– Robi się dramatycznie – przyznał trener Ruchu Michał Boczek po porażce z Metraco Zagłębiem Lubin. Jego zespół traci do wyprzedzającej go Piotrcovii już pięć punktów.
Jeszcze przed rozpoczęciem niedzielnego meczu w hali MORiS Ruch znalazł się pod ścianą. W sobotę bowiem Piotrcovia – główny rywal „Niebieskich” w walce o utrzymanie – niespodziewanie pokonała na wyjeździe Młyny Stoisław Koszalin po rzutach karnych. Tym samym strata chorzowianek do ekipy z Piotrkowa Trybunalskiego wzrosła do pięciu punktów.
Zespół Michała Boczka walczył o jej zmniejszenie, ale w niedzielę miał naprzeciwko siebie rozpędzonego wicelidera – Metraco Zagłębie Lubin – który przyjechał do Chorzowa, by przedłużyć trwającą od listopada serię zwycięstw.
W pierwszej połowie chorzowianki kilka razy potrafiły pokrzyżować faworytowi szyki. Przegrywając 3:7, nie podłamały się, lecz mozolnie odrabiały stratę. Wyrównała Karolina Jasinowska, a Magdalena Drażyk z rzutu karnego trafiła na 8:7. Później Ruch prowadził raz jeszcze – 9:8 po akcji Natalii Stokowiec.
Lubiniankom w tej części taki przestój przydarzył się tylko raz.
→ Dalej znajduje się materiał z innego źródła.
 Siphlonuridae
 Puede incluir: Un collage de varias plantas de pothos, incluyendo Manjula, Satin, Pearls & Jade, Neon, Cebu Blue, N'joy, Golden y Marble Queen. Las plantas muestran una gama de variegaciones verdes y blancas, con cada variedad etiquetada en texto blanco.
Odzyskały prowadzenie, a później je powiększały. Trzy gole rzuciła Adrianna Górna, z siedmiu metrów nie myliła się Malwina Hartman i w 28. minucie Zagłębie uciekło na 18:13. W ostatnich minutach Drażyk egzekwowała dwa rzuty karne – pierwszego zamieniła na gola, za drugim razem jednak górą była Monika Maliczkiewicz.
W drugiej części Ruch nie tracił nadziei na korzystne zakończenie, ale Zagłębie kontrolowało przebieg meczu. „Niebieskie” po dwóch zrywach zmniejszały dystans do trzech goli – tak było w 40. minucie (19:22), a później także w 56. minucie (25:28). Agnieszka Piotrkowska ruszyła z kontrą, chciała zdobyć bramkę nr 26, ale została „złapana” na faul ofensywny. A do tego, w wyniku zderzenia z Zuzanną Ważną, doznała urazu kostki.
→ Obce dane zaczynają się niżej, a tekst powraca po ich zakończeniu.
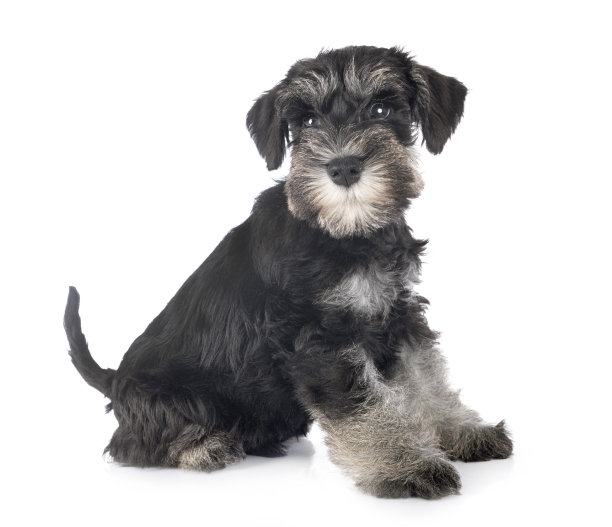 schnauzer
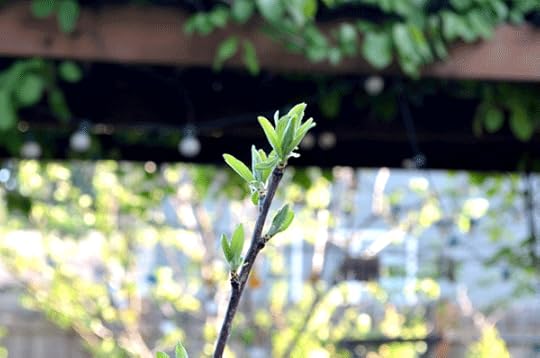 baby-plum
Była to już druga kontuzja Ruchu w końcówce spotkania. Kilka minut wcześniej boisko musiała opuścić Aleksandra Jaroszewska. Rozgrywająca zderzyła się z rywalką. Ucierpiało kolano zawodniczki z Chorzowa.
Zagłębie nie pozwoliło wydrzeć sobie punktów. W końcówce podwyższyło jeszcze prowadzenie, triumfując w hali MORiS 30:25. Było to jedenaste z rzędu zwycięstwo lubinianek.
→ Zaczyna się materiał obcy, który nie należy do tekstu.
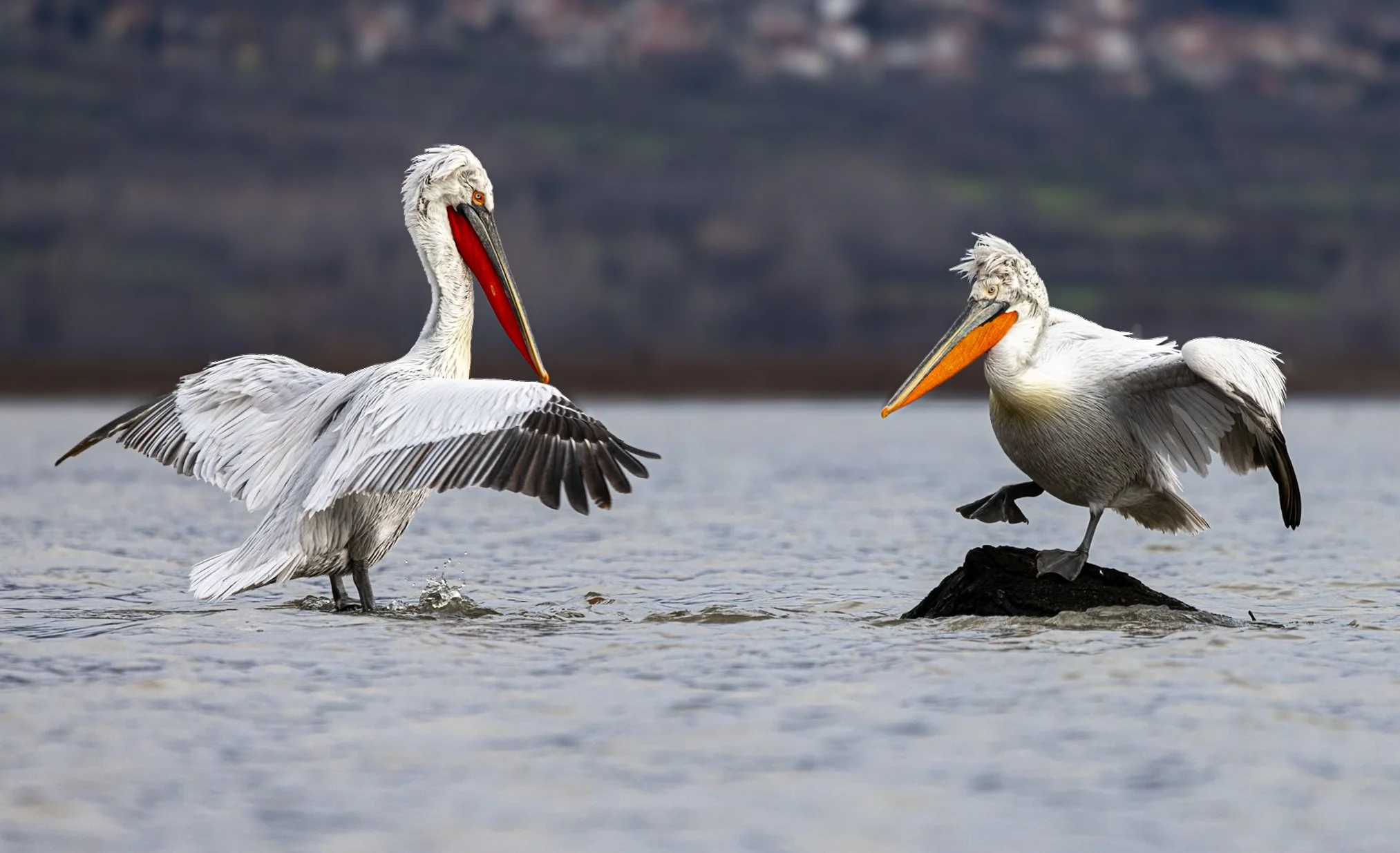 Kerkini Pelicans-2-5.jpg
– Po kontuzjach wszystko się posypało. Uraz Oli Jaroszewskiej wygląda poważnie – mówił z niepokojem w głosie trener Ruchu Michał Boczek. – Piotrków nam bardzo mocno uciekł. Miały trzy punkty przewagi nad nami, teraz ma pięć. Nawet gdybyśmy z nimi wygrali oba mecze, to i tak będzie ciężko. Musimy jeszcze gdzieś zapunktować. Bez gadania. Robi się dramatycznie – dodał.
W następnej serii PGNiG Superligi chorzowianki pojadą do Koszalina. Muszą spróbować zrobić to, co w sobotę zrobiła Piotrcovia.
19. seria PGNiG Superligi Kobiet
KPR Ruch Chorzów – Metraco Zagłębie Lubin 25:30 (14:18)
KPR Ruch: Chojnacka, K. Gryczewska, Kuszka – Jasinowska 4, Drażyk 7, Polańska 4, Masłowska 1, Jaroszewska, Piotrkowska 4, Nimsz, Lipok 3, M. Gryczewska, Sójka, Grabińska, Stokowiec 2.
Metraco Zagłębie: Maliczkiewicz, Wąż – Stanisławczyk, Grzyb 4, Hartman 3, Trawczyńska 3, Buklarewicz, Górna 3, Ważna 3, Galińska 1, Zawistowska 4, Machado Matieli 4, Noga, Belmas 3, Pielesz 1, Milojević 1.
Sędziowali: Cezary Figarski i Dariusz Żak (obaj Radom). Widzów 282.